Quando impera o medo de falar ou a apatia generalizada, há sempre o perigo de serem incómodas as opiniões mais livres e realistas. É esse medo e essa apatia que agradam tanto aos ditadores, como aos políticos fracos. Mas a uns e outros não se lhes pode proporcionar tal favor. Pelo contrário, há que mostrar que democracia é espaço de participação de todos e respeito pela liberdade de opinião de cada um.
“ Na prática, mais uma vez a sociedade partidária procedeu à captura da sociedade civil para o debate politico partidário….Aquilo que poderia ser uma manifestação interessada da sociedade civil por um problema específico, apenas veio fortalecer argumentos da liça partidária…Ou nos resignamos ou temos de escolher uma ala que nos é oferecida na vida colectiva…Nalgum momento, a posição do cidadão deve ser assumida num ponto de linha que une as diversas esquerdas, centros e direitas, na eterna e inacabada luta entre os divergentes modelos, opções e pessoas para a gestão da nossa vida colectiva. …. Nem todas as opções da vida colectiva e do cidadão devem ser opções para servir uma luta partidária.” Assim opinou um gestor, Jorge Marrão, no Espaço Público, do jornal com o mesmo título. (27.07.09).
Uma opinião de quem parece ter os pés no chão, capaz de denunciar as querelas partidárias que geram absolutos para servir pessoas e interesses, mas que passam ao lado do bem comum, tarefa de todos, cidadãos e partidos políticos, e em que ninguém está a mais.

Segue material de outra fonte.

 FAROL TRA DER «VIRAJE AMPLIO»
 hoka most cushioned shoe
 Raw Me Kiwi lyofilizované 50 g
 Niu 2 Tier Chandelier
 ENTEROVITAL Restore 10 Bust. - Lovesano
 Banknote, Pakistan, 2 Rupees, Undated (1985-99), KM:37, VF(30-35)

Nas minhas leituras de férias esteve um livro, começado há tempos e de que só agora pude continuar a proveitosa leitura. Trata-se de “China, a escalada do dragão” da jornalista italiana, Renata Pisu, uma profunda conhecedora e estudiosa. da China histórica e da actual. É uma verificação e uma advertência que, não sendo nós chineses, não deixa de vir a propósito. Diz ela logo no fim do prólogo: “ Na China, agora como antigamente, quem coloca questões e levanta problemas e é malvisto. Dizer “gostava de fazer um pergunta” significa que há um problema. Então, é melhor nunca colocar perguntas, nunca levantar problemas”. Assim já não há obstruções. Parece ser este o preço exigido pelo governante que não quer ser incomodado. Quem abafa pessoas nunca dará um passo para construir uma sociedade de pessoas.
Há muita gente que opta pela crítica fácil da mesa do café, sempre inconsequente. É verdade que os comícios de campanha eleitoral estão desvirtuados. Só lá vai a gente da cor e essa vai para aplaudir, não para reflectir ou questionar. Alguém com opinião própria, se ousa discordar do orador de serviço e faz perguntas, sai ou é vaiado.

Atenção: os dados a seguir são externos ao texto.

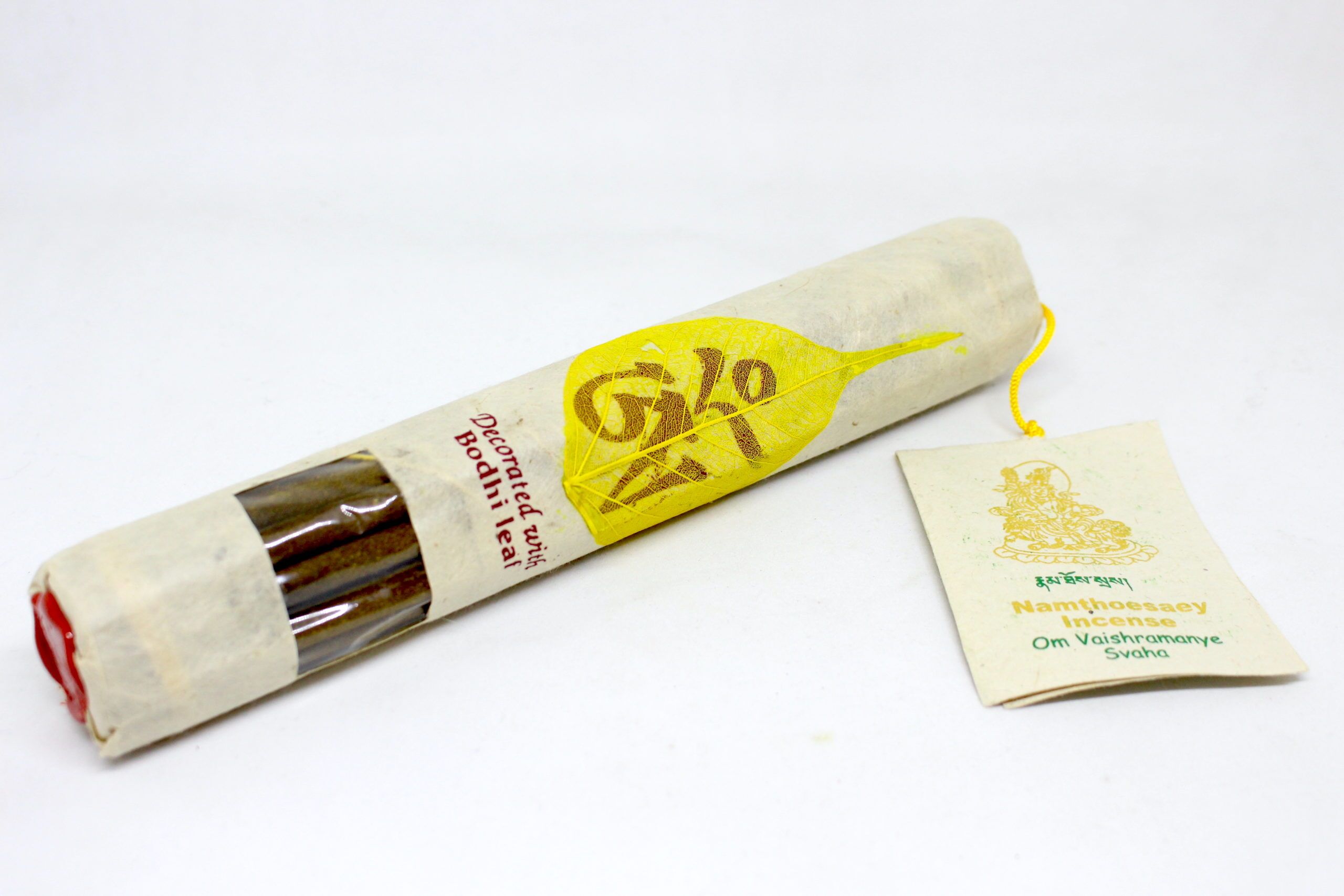 Namthoesaey Bodhi Leaf Incense Sticks 1 Namthoesaey Bodhi Leaf Incense Sticks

Uma sociedade que se diz livre está capturada pela linguagem partidária. E, se forem perdidas as ocasiões para opinar, perguntar e desabafar, pode tornar-se uma sociedade amorfa, ainda mais decapitada e entregue a quem não queremos, nem desejamos.
Certamente que há que relativizar muitas coisas e ter consciência de que os governantes são pessoas normais, mesmo que julguem que não o são. Por isso eles precisam de ouvir para conhecer a realidade, de dar valor até aos próprios opositores, de encontrar em comum os melhores caminhos, de não se considerarem donos do país.